Hugh Davis, University of Southampton

Hugh Davis is Professor of Learning Technologies at the University of Southampton, UK, where is APVC and Director of Education and directs the Centre for Innovation in Technologies and Education (CITE). Hugh has over 250 papers published in the area, and has run many funded projects concerned with educational technologies.  He has a long history of teaching on-line, having created an MSc in Information Engineering which started in the very early days of the Web (1994).  Hugh is responsible for the University of Southampton’s collaboration with the UK MOOC platform provider, FutureLearn, and has directed the creation of three MOOCs in less than a year.

Hugh Davis holder innlegg begge dager på konferansen.

Tirsdag 11.mars, 13.45-14.30:
The place for MOOCs in the changing Educational Landscape

There can be no doubt that Massive Open On-line Courses (MOOCs) have been the educational phenomenon of the last few years with large numbers of these web based courses attracting tens of thousands of registrations.  But what is the business model for a university investing in making MOOCs and then making them freely available?  This talk will examine the ways in which universities are benefitting from their investment and the ways in which MOOCs are affecting pedagogy and the composition of credit bearing courses both online and on campus.

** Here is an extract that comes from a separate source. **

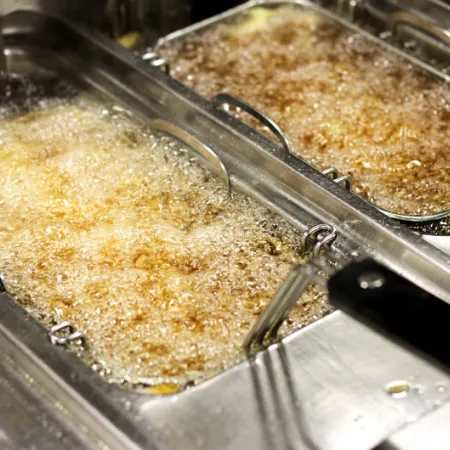 fryer with bubbling oil inside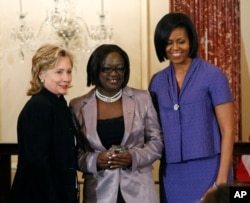 FILE - First lady Michelle Obama and Secretary of State Hillary Rodham Clinton present the 2010 International Women of Courage Award to Jestina Mukoko of Zimbabwe on March 10, 2010, at the State Department in Washington.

Onsdag 12.mars, 09.00-10.00:
Making MOOCs and the role of the librarian

Creating a Massive Open On-line Course (MOOC) is a team project, involving academics, learning designers, media production teams and learning resource teams.  In most universities there are very few examples of such collaborations in the production of new courses, and consequently the knowledge. skills and professional networks required may be undeveloped. At the same time MOOCs present an opportunity to explore new pedagogical approaches and provide big data concerning the behaviours of learners. This talk will reflect on experiences, both published and personal, of developing appropriate collaborations and also examine some of the pitfalls to be avoided.